Global markets were volatile again overnight, with US markets (S&P 500 index -1.2%) ending the session down after a another sharp plunge early in the session and partial recovery. The NASDAQ tech index fell -2.3%, bouncing off session lows in similar fashion.
All sectors were down except for Financials and Energy, both set to benefit from a recovering economy, with the latter benefiting from a bounce back in oil prices. Investors are clearly rotating out of technology/growth stocks and into value sectors of the market.
American Express rose +8.9% after beating earnings expectations as well as IBM and Johnson and Johnson. General Electric fell -6% despite being earnings but missing on revenue estimates with many other stocks also being punished on solid results as investors concerns around tomorrow mornings Fed announcement outweigh strong earnings.
Microsoft shares fell -2.7% heading into its result which was released after hours. Despite delivering an earnings and revenue beat the stock was only up +1% after hours, and even high-quality tech stocks are underperforming which is becoming cause for concern.

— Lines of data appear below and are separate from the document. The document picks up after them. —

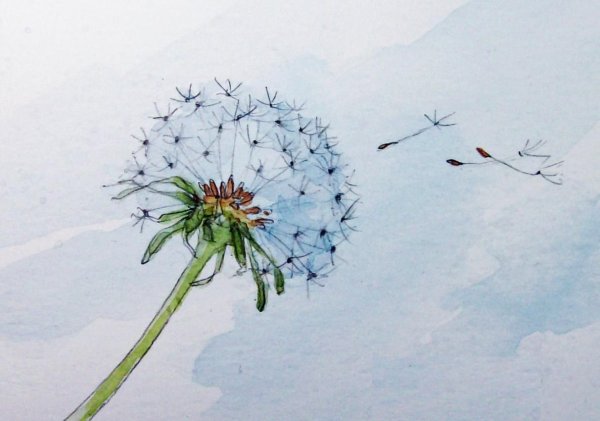 Одуванчик тату эскизы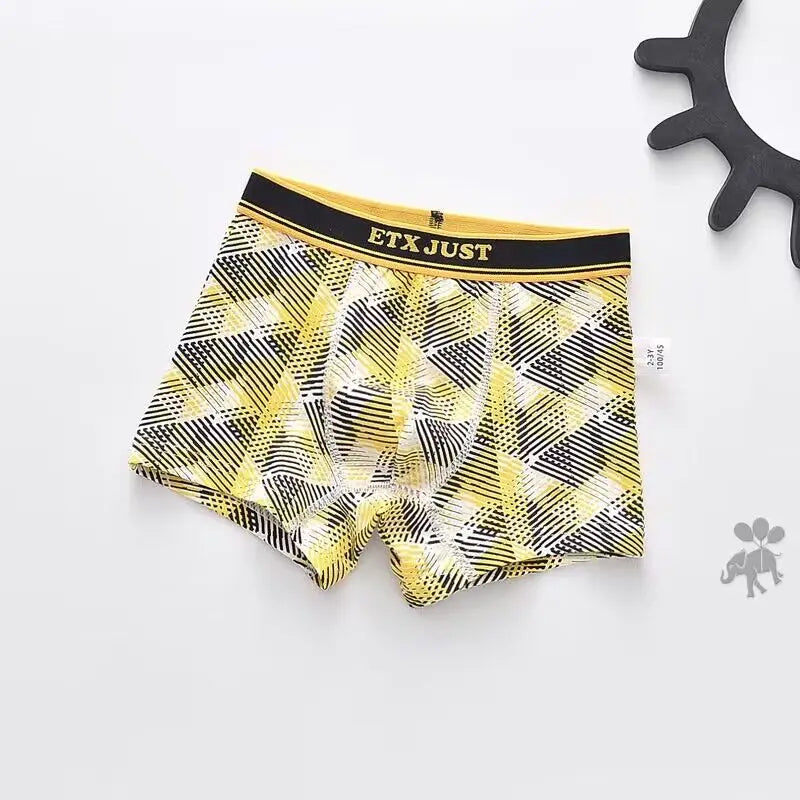 5PC Boys Underwear Cotton Boxer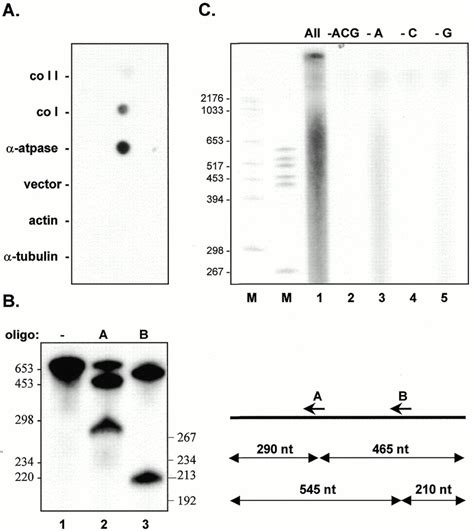 Characterization Of Tec A Dot Blot Hybridization Analysis Of Rnas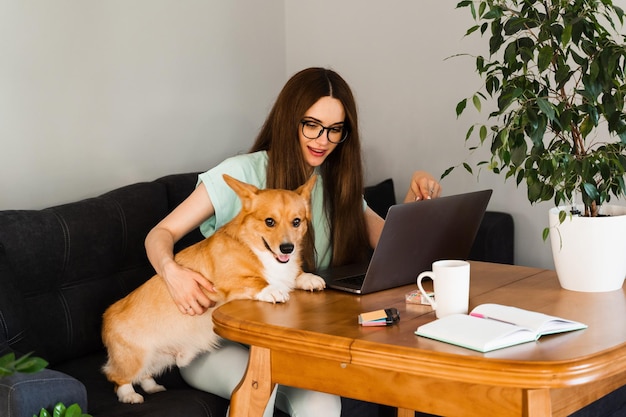 원격 교육 안경을 쓴 여학생이 집에서 사랑스러운 Corgi 강아지와 함께 온라인으로 공부하고 있습니다.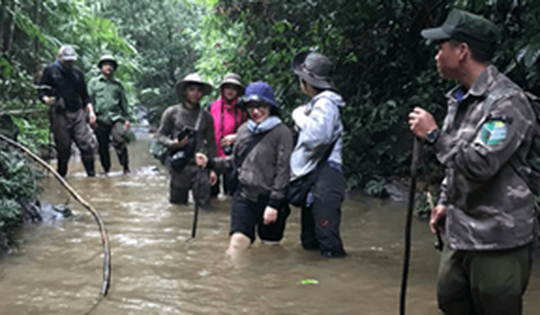 Nhân nuôi loài gà quý hiếm có nguy cơ tuyệt chủng trong tự nhiên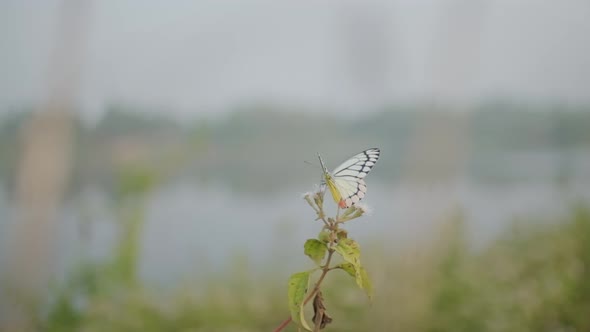 Beautiful Jezebel butterfly taking off from a milkweed flower slow motion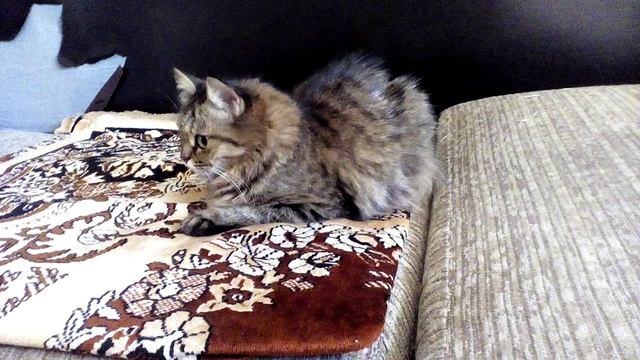Драка кошек. Дизайнерский диван от кошек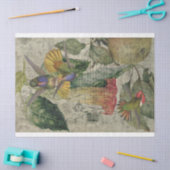 ヴィンテージハミングバードコラージュ – ティッシュペーパー 薄葉紙 (クラフト)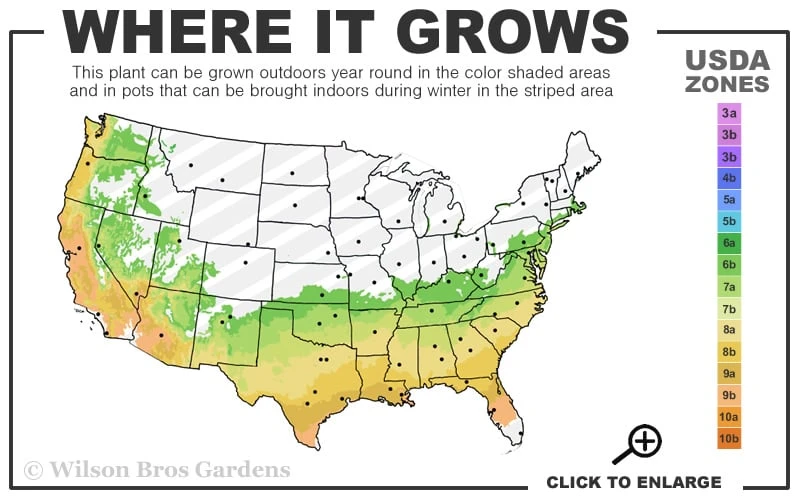 Sweet October Fragrant Camellia - 3 Gallon Pot 3 Sweet October Fragrant Camellia - 3 Gallon Pot - Image 3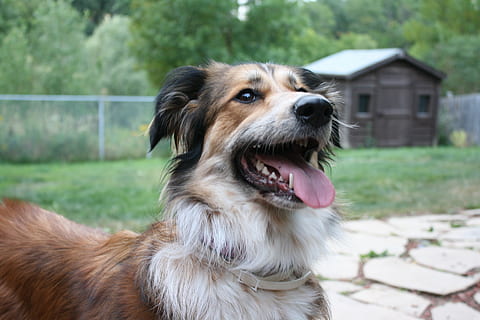 Collie mutt store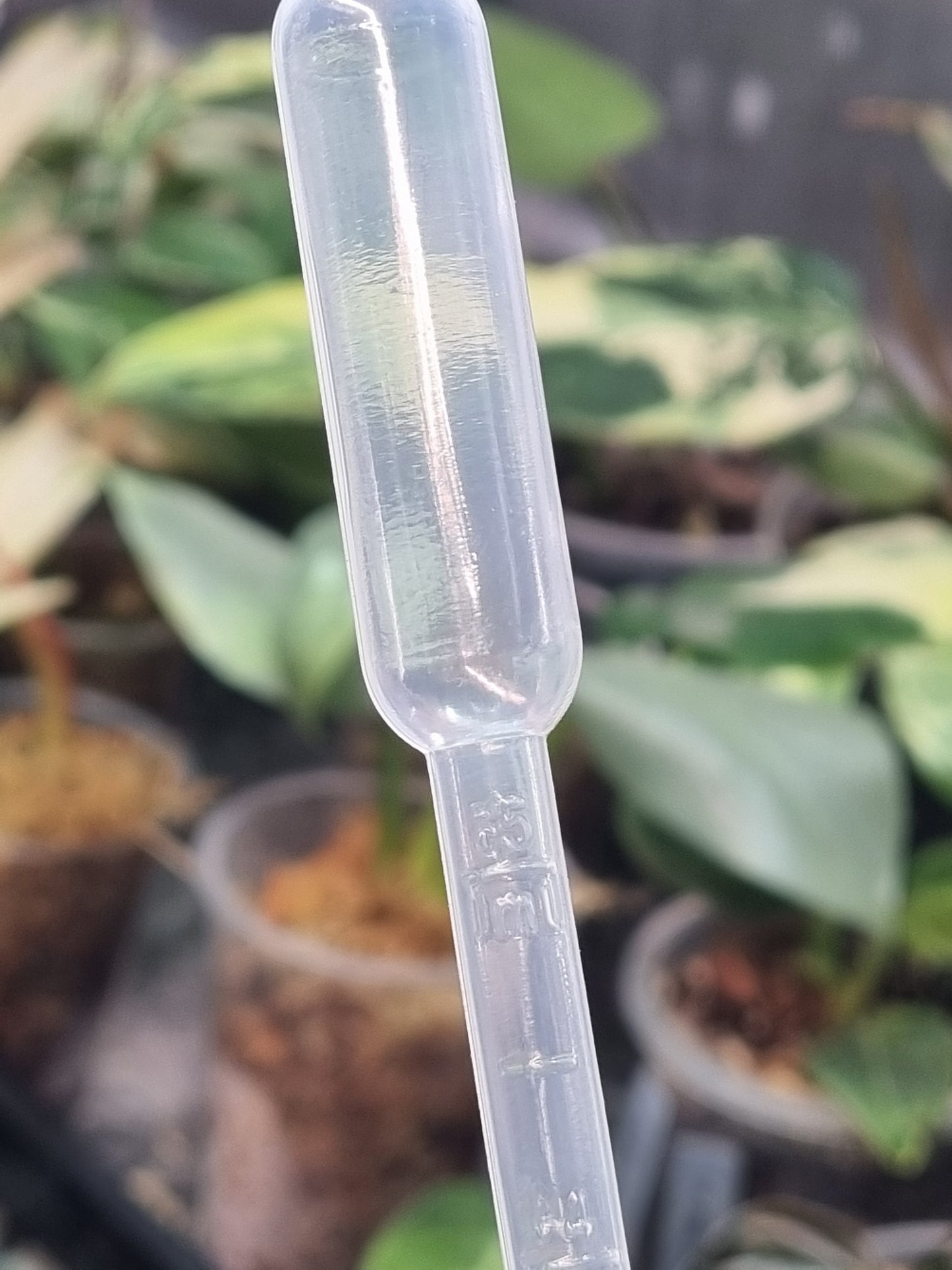 Plastic Pipet 5ML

European Markets (Stoxx 600 index +0.8%) staged a bit of rebound led by bank stocks with most sectors in the green, barring tech stocks which led losses investors brace for higher interest rates, while a number of strong results helped prop up the market up.
Australia’s CPI (Inflation) data for the December 2021 quarter rose +3.5% year on year (or +1.3% quarter on quarter) above 3.2% expectations and the +3% annual increase in the September quarter. The implication is that the RBA could make its first interest rate hike as early as May this year, with the market initially pricing in one later in the year.

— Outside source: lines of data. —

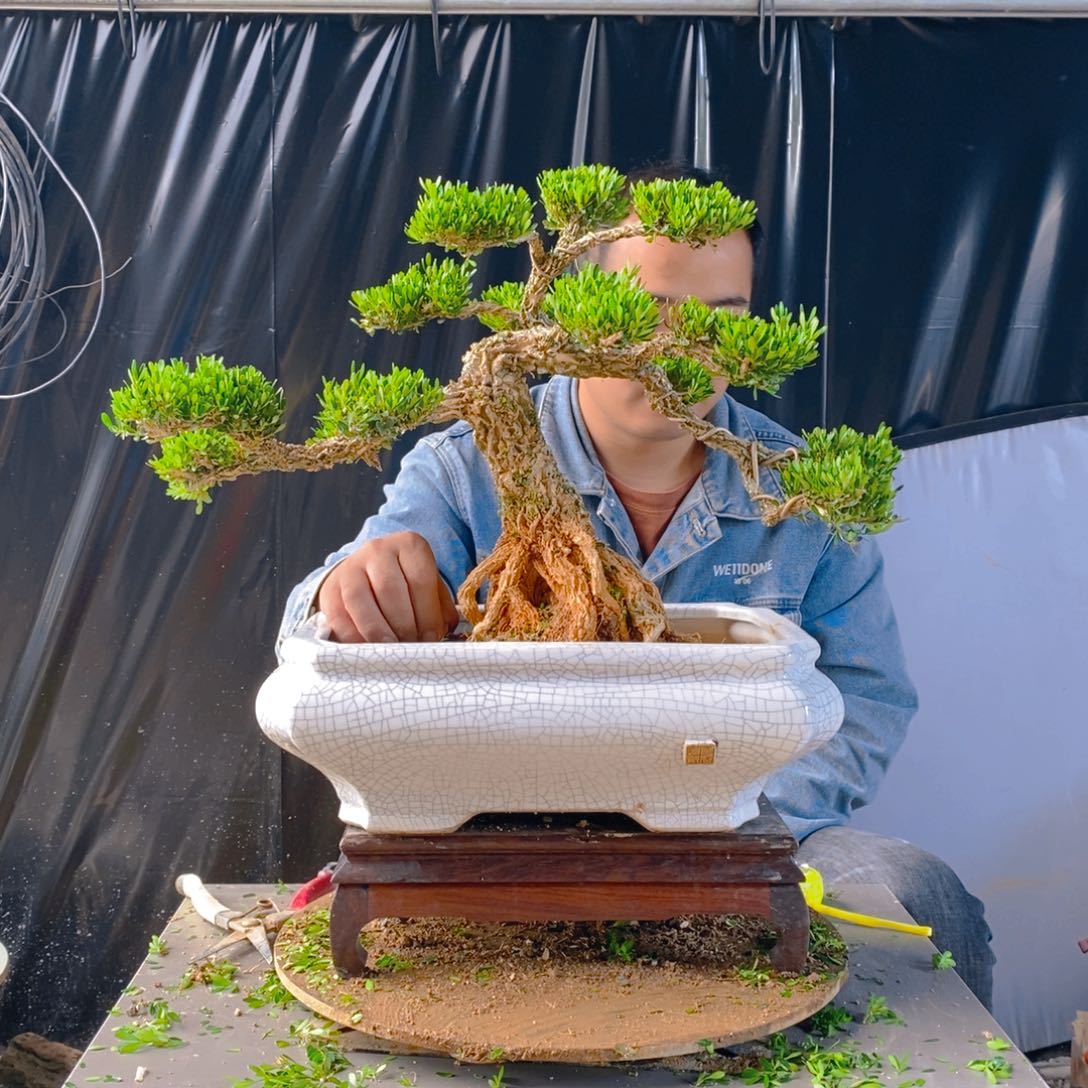 绿植黄杨盆景雀舌软枝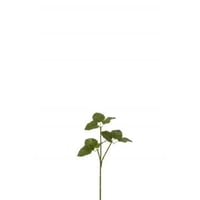 Tak hoppe plastiek groen
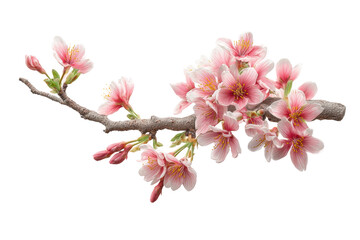 Fototapeta premium PNG Vibrant pink cherry blossom branch on black background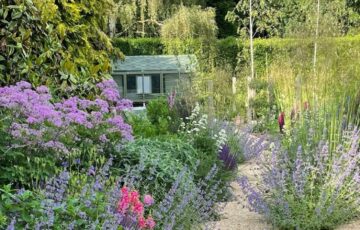 Doggetts Wood Lane Trio – Open Garden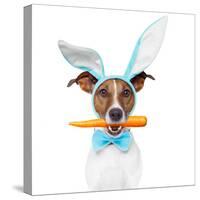 Dog with Bunny Ears and A Carrot-Javier Brosch-Stretched Canvas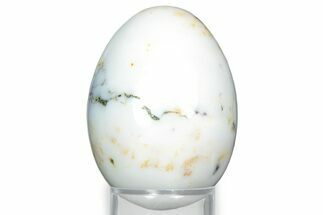 Polished Moss Agate Egg - Australia #326803
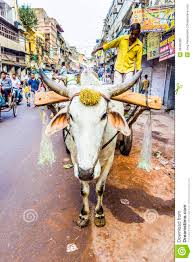 Ox Cart In The Streets Of Old Delhi Editorial Image Image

We are wary of the upcoming risks and that the heavy correction particularly across overvalued growth stocks is spreading across the market and significantly impacting quality stocks which will be an issue near-term. While we are starting to see some value we would hold fire with tomorrow mornings Fed announcement and market reaction a key indicator as to how things will play out over the near-term.
Wastewater treatment company De.mem shares were flat yesterday avoiding the market wide sell off after announcing its 2021 fourth quarter update.
Despite a challenging year due to Australia being in heavy lockdowns which restricted movement of staff cross state and businesses delaying heavy capital expenditure, De.mem delivered $19.8m of revenue for the year, which was up +24% from last year. The growth was driven by strong performance particularly across is bolt on businesses which is benefitting from, recurring revenue totalling $13.8m over the year, up +43% from last year and representing a greater portion of De.mem’s total revenue of 70%, up from 54% in 2019.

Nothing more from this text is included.